INPUT DATA →

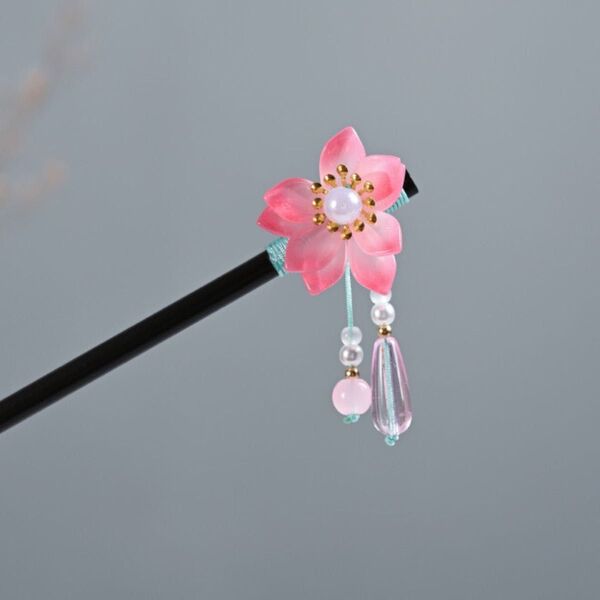 【すぐ出荷可能】かんざし 簪 木製 蓮の花 真珠 フリンジ 高級感 中国風 古代風 成人式 浴衣 着物 和装小物 髪飾り 和装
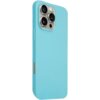 Niebieskie etui na telefon z trzema dużymi otworami na aparaty i jednym mniejszym na lampę błyskową. Etui ma gładką powierzchnię i wycięcia na przyciski boczne.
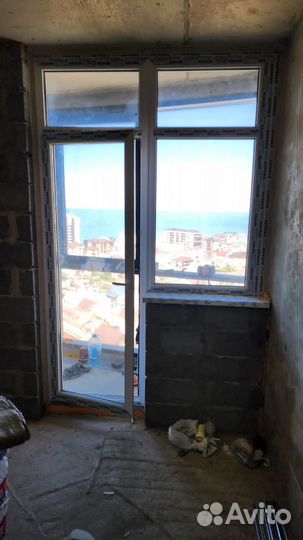 Продаю пластиковое окно для балкона с дверью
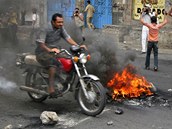 Nepokoje v jemenskm Tizzu (1. ervna 2011)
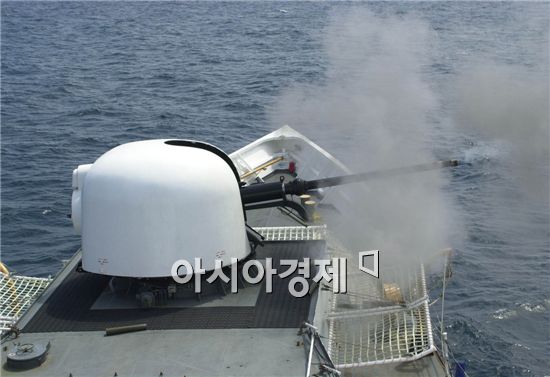 전투함 76mm함포 개발역사는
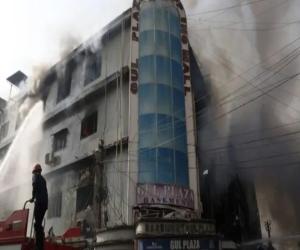 The CEO of Karachi Water Corporation stated that their first tanker reached Gul Plaza at 10:56 a.m. and water supply continued without interruption.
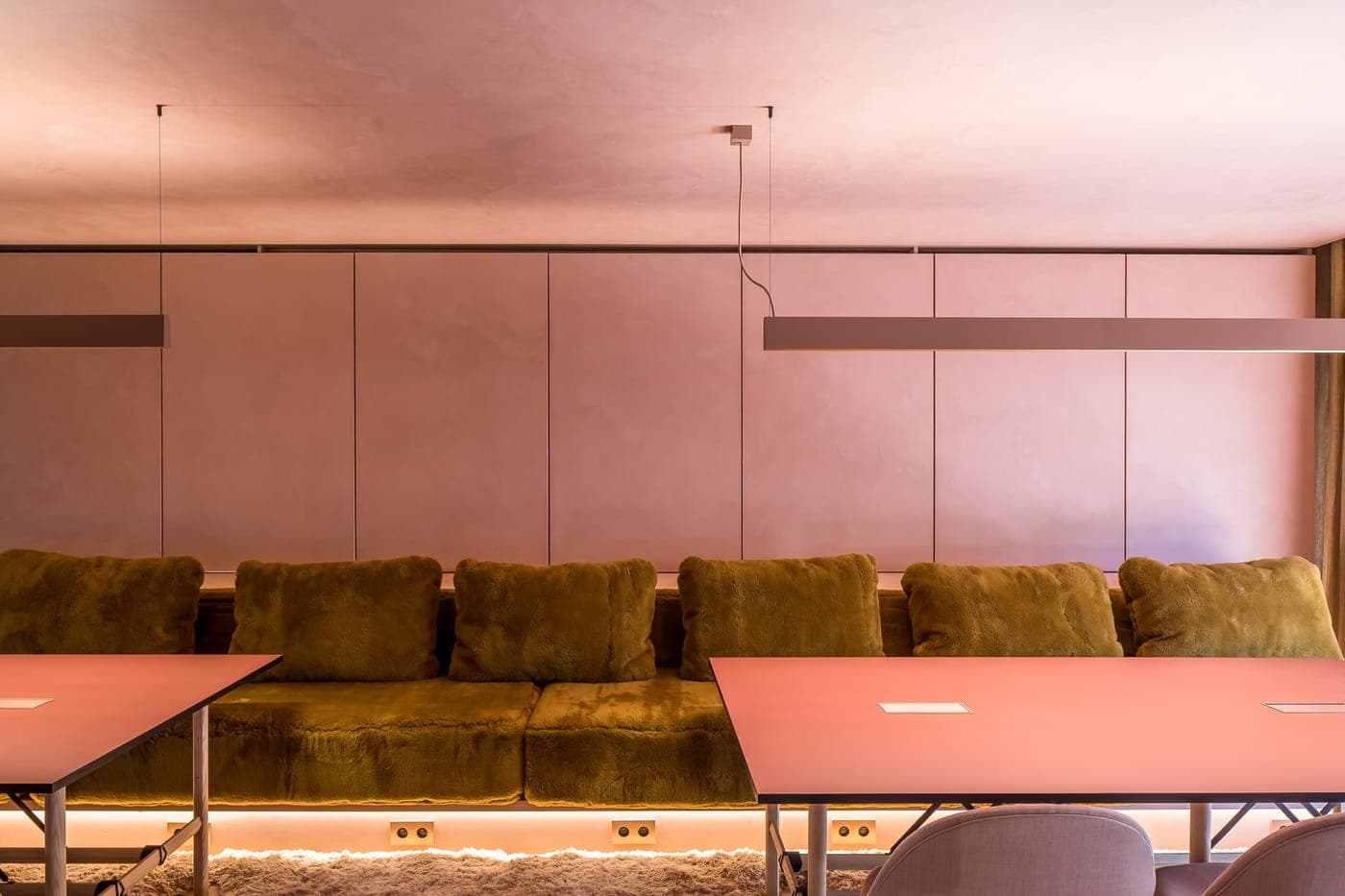 A seamless microcement floor and wall.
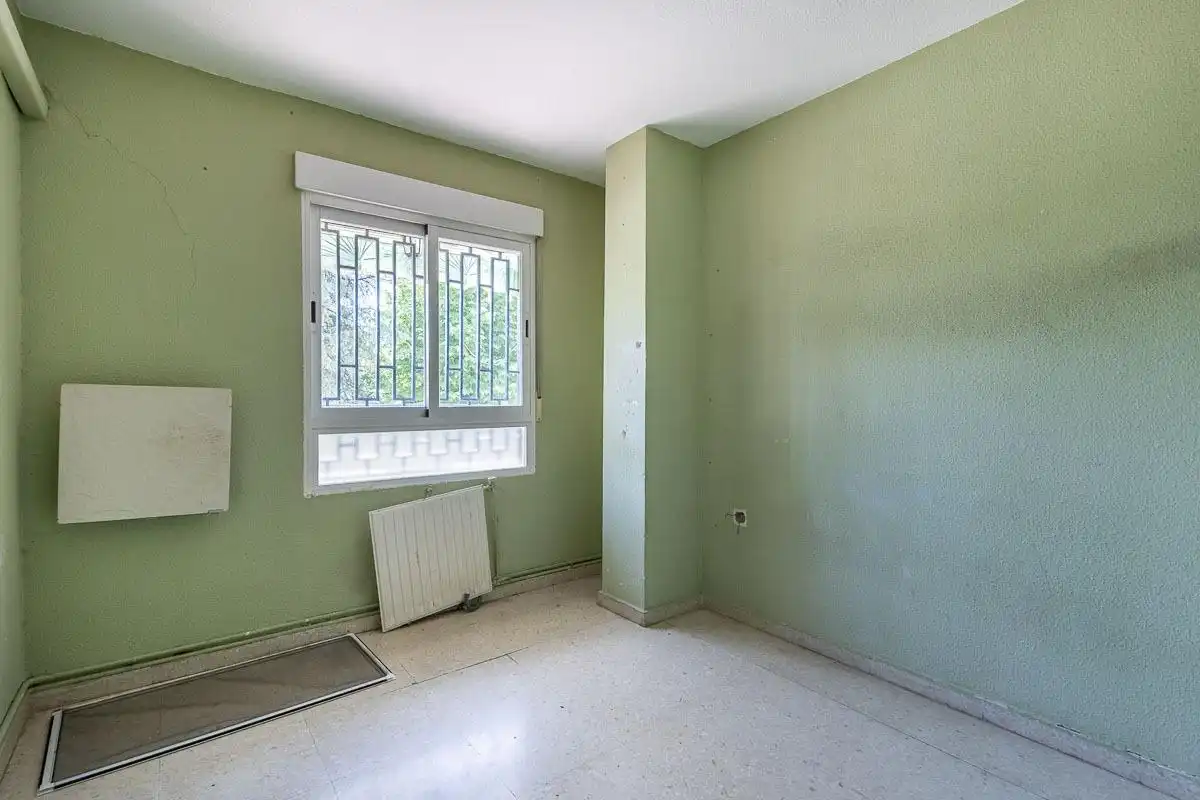 Piso en venta en Camino Bajo de Huétor, 19, Cervantes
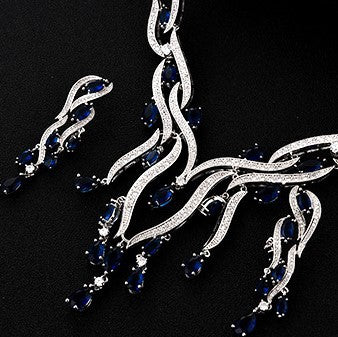 Zirkon-Schmuckset mit Quasten-Anhänger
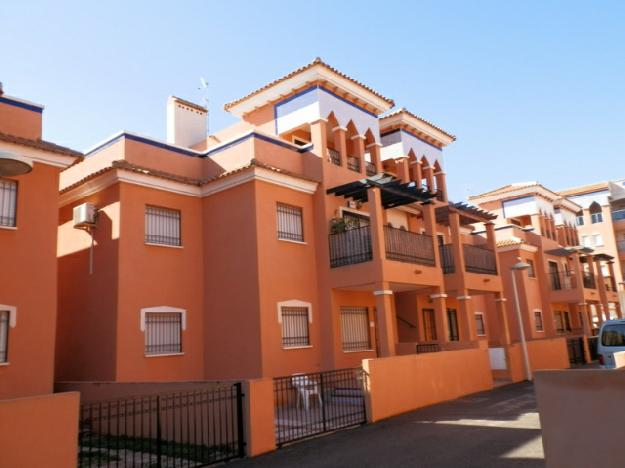 Apartment for Sale in Alicante, Comunidad Valenciana, Ref# 2459758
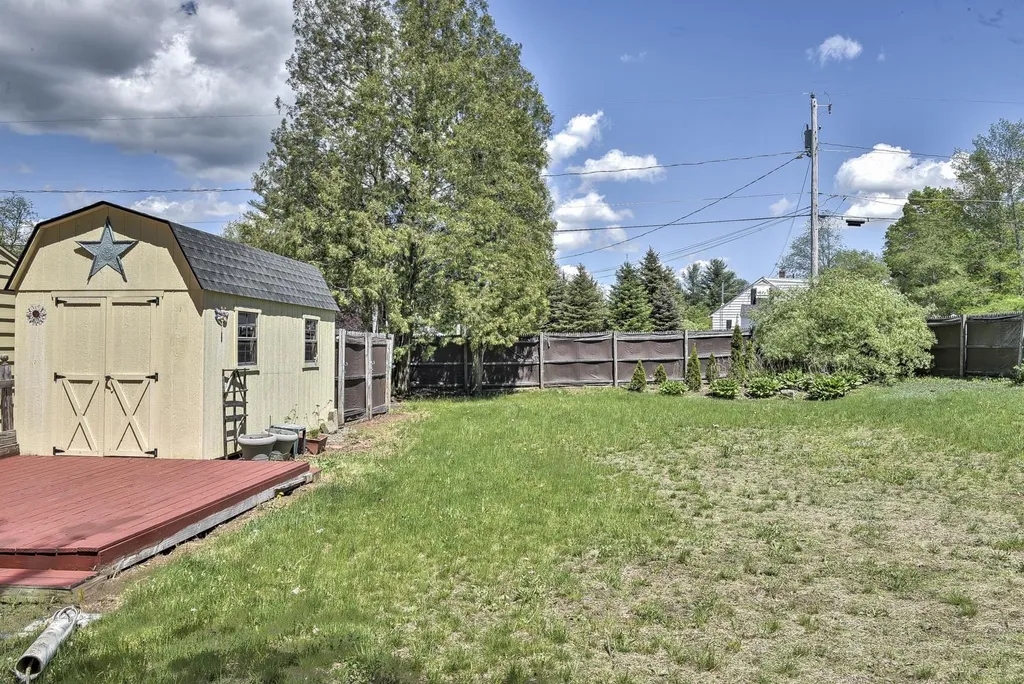 5 W Diane Drive Keene NH 03431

ACTIVITY → Write back word for word every line in the entries above from the one with "Продаю пластиковое окно для балкона с дверью" to the one with "Apartment for Sale", ends included, and none of the pictures.

FINISHED TASK →
 Продаю пластиковое окно для балкона с дверью
 Nepokoje v jemenskm Tizzu (1. ervna 2011)
 전투함 76mm함포 개발역사는
 The CEO of Karachi Water Corporation stated that their first tanker reached Gul Plaza at 10:56 a.m. and water supply continued without interruption.
 A seamless microcement floor and wall.
 Piso en venta en Camino Bajo de Huétor, 19, Cervantes
 Zirkon-Schmuckset mit Quasten-Anhänger
 Apartment for Sale in Alicante, Comunidad Valenciana, Ref# 2459758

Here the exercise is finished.